───── MATERIAL PROVIDED ─────
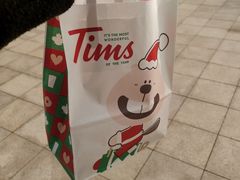 -Tims天好咖啡(河西万象城店)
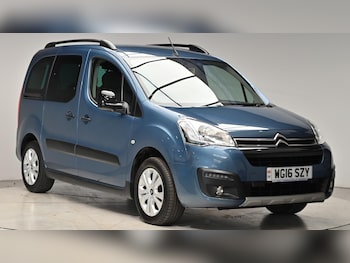 Used Citroen Berlingo 2016 for sale - 75809153: Photo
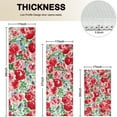 thumbnail image 4 of Pioneer Flower Floral Print Pattern Kitchen Rugs Sets Of 3,Kitchen Runner Rugs Non Skid Washable,Decorative Kitchen Floor Mats for Kitchen,Sink,Laundry,17"x30"+ 17"x47" + 17"x59", 4 of 6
─────
### EXERCISE PROMPT
Please copy the data above word for word, but only from the line that contains "Used Citroen Berlingo" through the final line, both included, and without the pictures.

### RESULT
 Used Citroen Berlingo 2016 for sale - 75809153: Photo
 thumbnail image 4 of Pioneer Flower Floral Print Pattern Kitchen Rugs Sets Of 3,Kitchen Runner Rugs Non Skid Washable,Decorative Kitchen Floor Mats for Kitchen,Sink,Laundry,17"x30"+ 17"x47" + 17"x59", 4 of 6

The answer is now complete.